In December 2008, states signed the Convention on Cluster Munitions in Oslo, demonstrating that the model set out by the ban on landmines in 1997 was not a ‘one-off’. This campaign is explored in a chapter for this year’s Global Civil Society Yearbook, which considers some of the building blocks of the so-called Oslo Process to ban cluster bombs[TN1] . The treaties banning landmines and cluster munitions provide indications of a positive way forward – states committed to reform coming together in a format where they are not held hostage by those that prefer the status quo, and with an emphasis on setting standards rather than getting everyone on board. But we have to recognize their limitations in the current context. Such processes require substantial funding, time and energy and can be very difficult to initiate against the backdrop of standing meetings already in place.
All of the weapons issues considered here are pressing concerns in their own right.
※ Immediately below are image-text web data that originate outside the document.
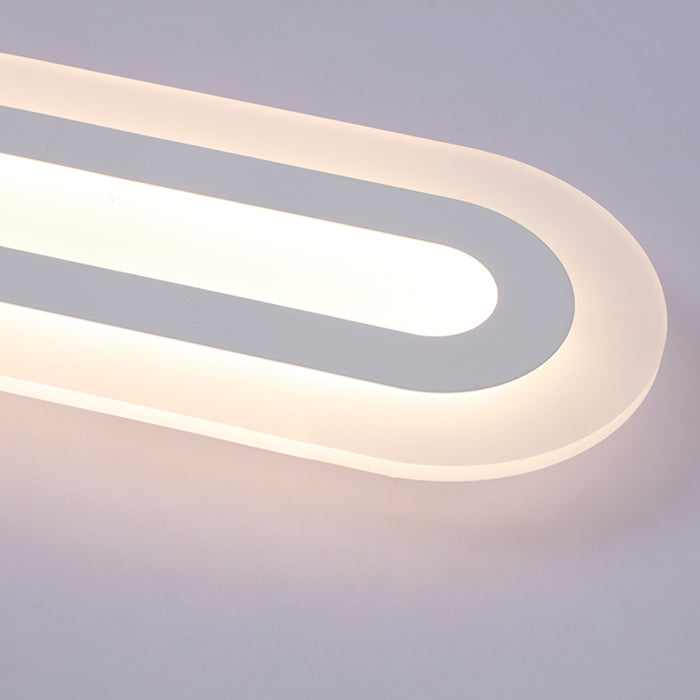 31.5"/39"/47" Wide Simplicity Oval Acrylic Flush Mount Light LED Ceiling Mounted Fixture in Warm/White Light
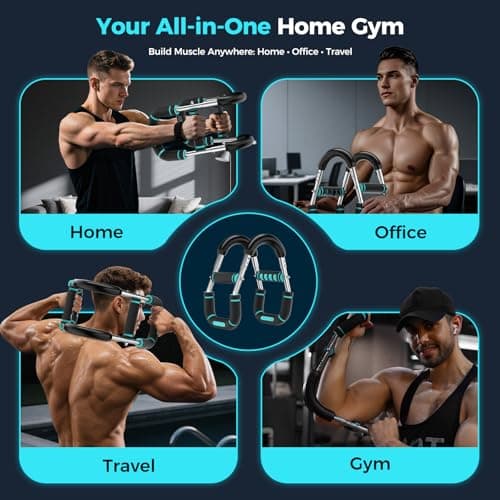 RENRUI Twister Arm Trainer Chest Workout Equipment for Men & Women, Adjustable 5 Resistance (40-130 lbs) Home Gym Strength Trainer with Anti-Slip Handles & Carry Bag (Blue&Sliver) - Thumbnail 4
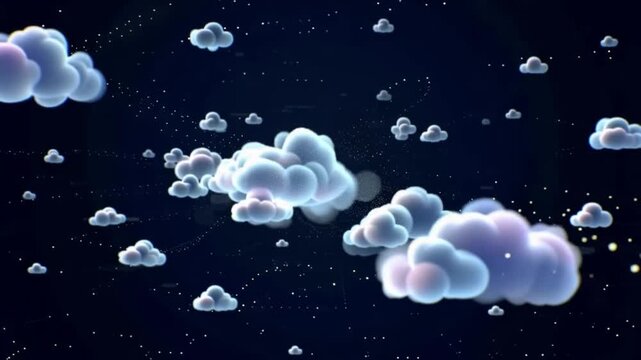 A glowing jellyfish floats through the deep blue ocean, surrounded by bubbles and light animation tech video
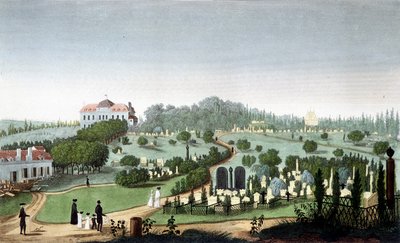 ペール・ラシェーズの墓地（1820年頃） - Courvoisierの "Vues de Paris "より 作： Unknown artist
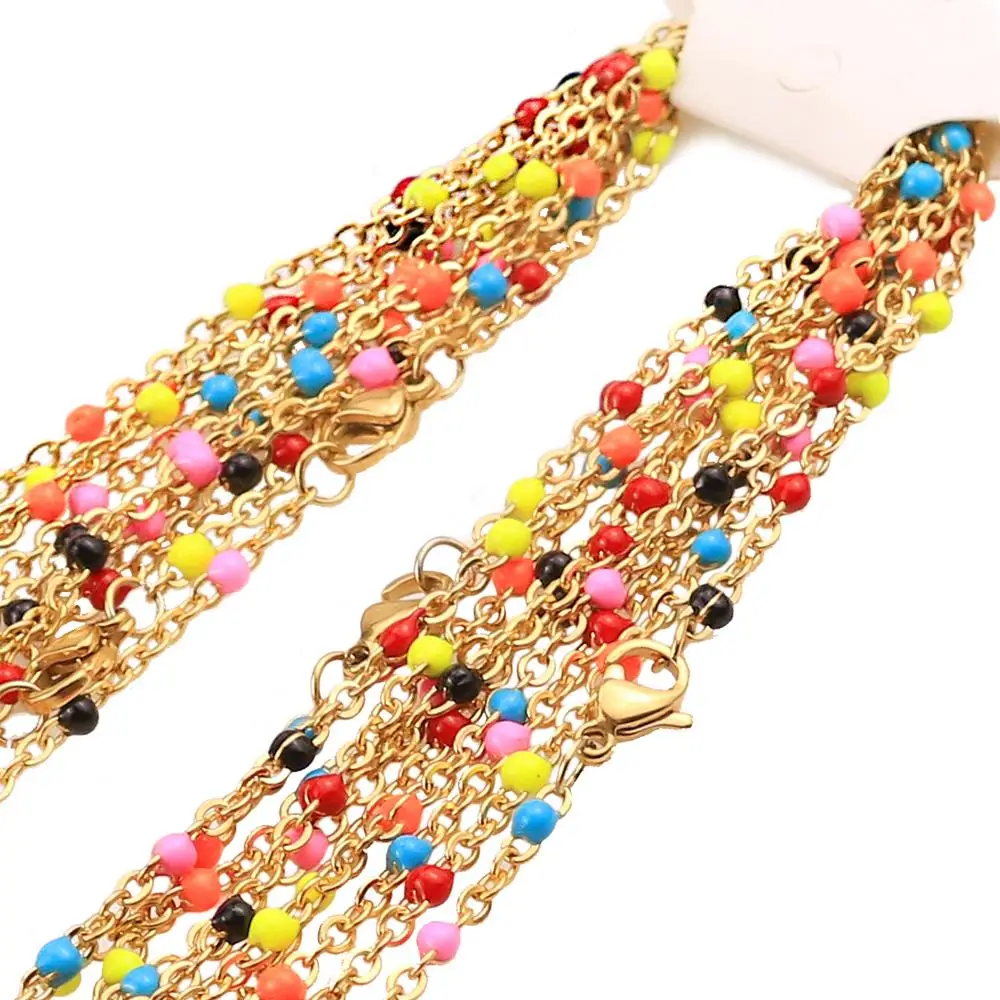 

10pcs/lot width 2mm Stainless Steel Necklace Mix Enamel Satellite Beaded Cable Ball Chain DIY Jewelry Findings Making Materials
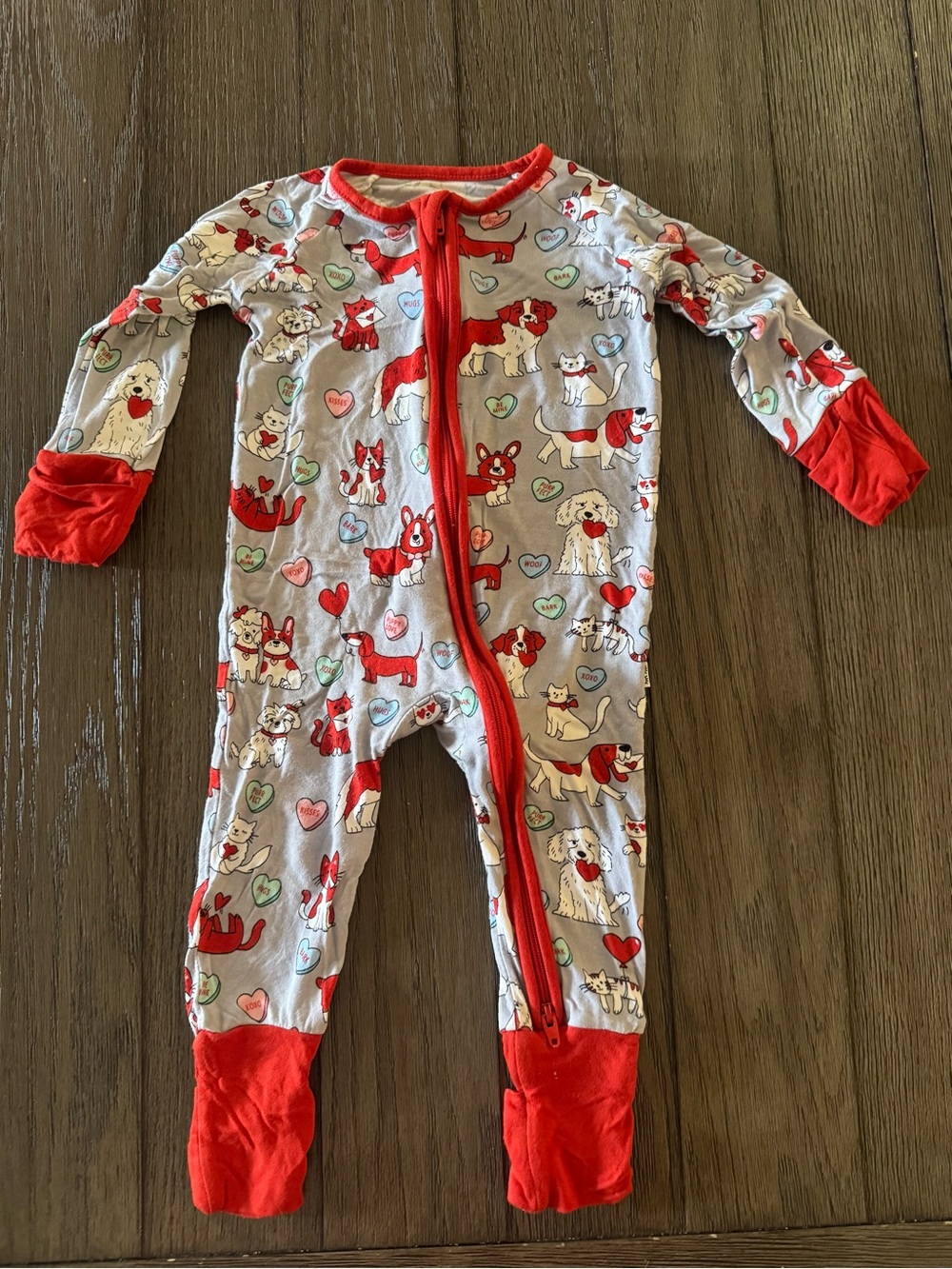 Little sleepies Valentines Dog pajamas. Size 3-6 months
But a wider concern should be that our current international frameworks so rarely allow space for the sort of responses that we know are possible. The challenge then is for governments concerned with these issues to find cost-effective and time-efficient ways to come together to engage with these problems and to articulate the common standards they hold. In doing so they will exert a wider influence and set the terms of public discussion under which those that transgress these standards must operate, whether they like it or not. Civil society coalitions, with public engagement and support, need to urge states to create that space and not to fall back on the established disarmament machinery as a fig leaf for their own lack of courage and commitment.